Forensic examination of a computer can detect any information that has previously existed on that device, even after it has been deleted. It is an invaluable tool for employers dealing with potential breaches of confidentiality, or any other computer-related misconduct.
A recent judgment of the Employment Court (“the Court”) confirms that the Employment Relations Authority (“the Authority”) has the power to order the forensic examination of personal computer systems. Whilst the Authority has previously granted these types of orders (and until this case, its powers had not been questioned), we now have confirmation from the Court that forensic computer searches are able to be ordered by the Authority.
In this particular case, the employer alleged that a former employee had been emailing the employer’s confidential information to their own personal address and to another party, in the lead up to their resignation. It was also alleged that the former employee breached enforceable terms of a restraint of trade by contacting the employer’s clients after they resigned, prior to starting up a competing business.
To test the veracity of the allegations, the employer sought and obtained witness summonses to search the former employee and their associates’ personal computer systems.

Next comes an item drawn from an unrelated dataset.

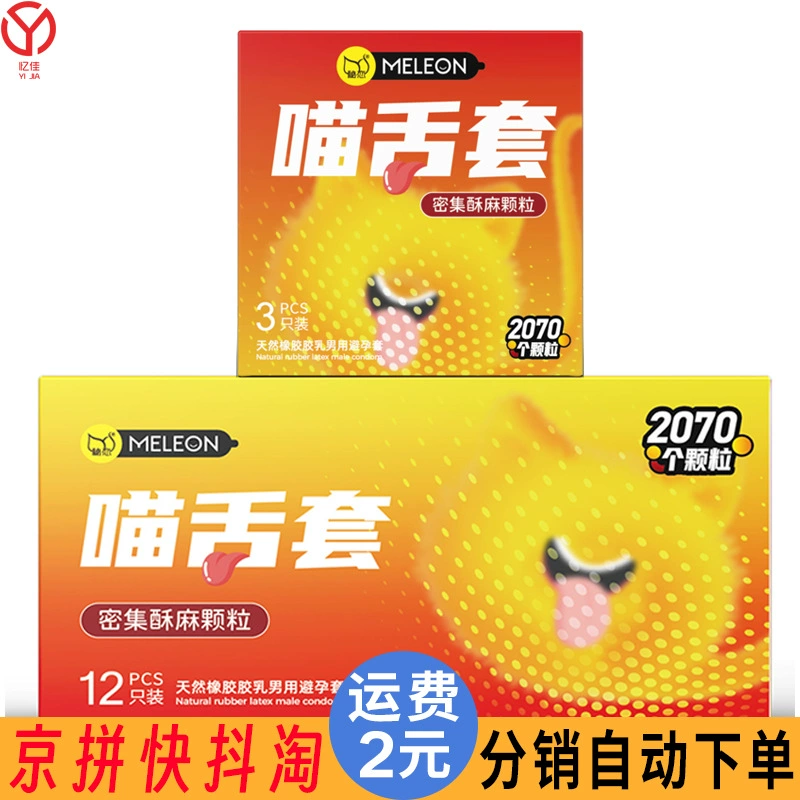 Секретный любовный презерватив кошачий язык гранулы прилив ультратонкий водяной нити крупные гранулы хрустящий презерватив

The employer proposed a process for the forensic examination of the computer systems, using an independent forensic computer expert. However, the former employee opposed this, claiming that the Authority did not have jurisdiction to order the forensic examination of personal computer systems. The Authority subsequently issued a determination stating that it had not acted outside its jurisdiction. Click here for a link to the Authority’s determination.
The former employee challenged the Authority’s determination to the Court and a number of other matters before the Authority were put on hold until the outcome of this challenge was delivered.

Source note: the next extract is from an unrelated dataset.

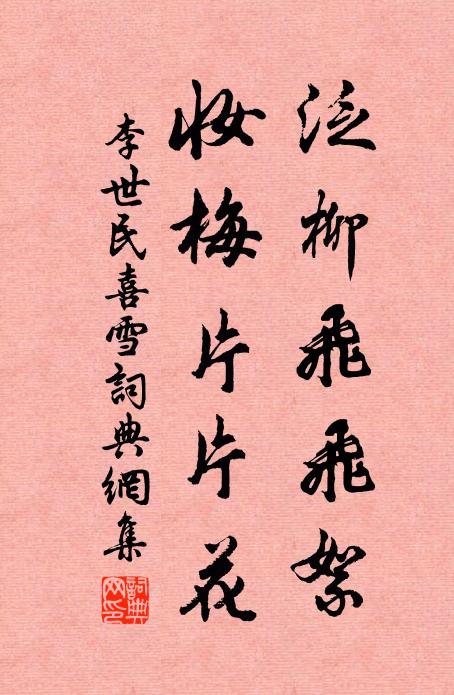 山中夜半風雨來,板扉竹戶如人開 詩詞名句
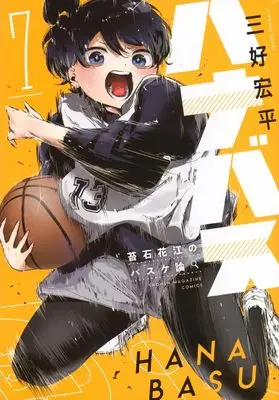 Manga Hanabasu vol.7 (ハナバス 苔石花江のバスケ論(7) (KCデラックス))  / 三好 宏平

The former employee’s primary claim was that the forensic examination of personal computer systems amounted to a “search order” as defined by the High Court Rules (“HCR”) 2016. Section 160(4) of the Employment Relations Act 2000 prevents the Authority from granting “search orders”, so the former employee argued that the Authority was barred from making the order for forensic examination.
The Court disagreed and held an order for forensic examination does not amount to a search order, as defined by the HCR 2016. The Judge distinguished a “search order” by definition – being the authorised invasion or search of a person’s premises or home, without notice, and under the watchful eye of a supervising solicitor – from the examination of a computer system (which has been delivered to the Authority by its owner), carried out by a forensic computer expert, under the supervision of the Authority.
The issue of privacy was also raised, however the Court held that in this case, privacy concerns were not a basis for excluding potential evidence. Click here for a link to the Court’s judgment.
There can now be no doubt that the Authority is able order the forensic examination of personal computer systems belonging to former employees. By dismissing the challenge, the Court has affirmed the long-established principle that the Authority is entitled to review and consider all material relevant to the employment relationship, to assist in a more informed decision-making process.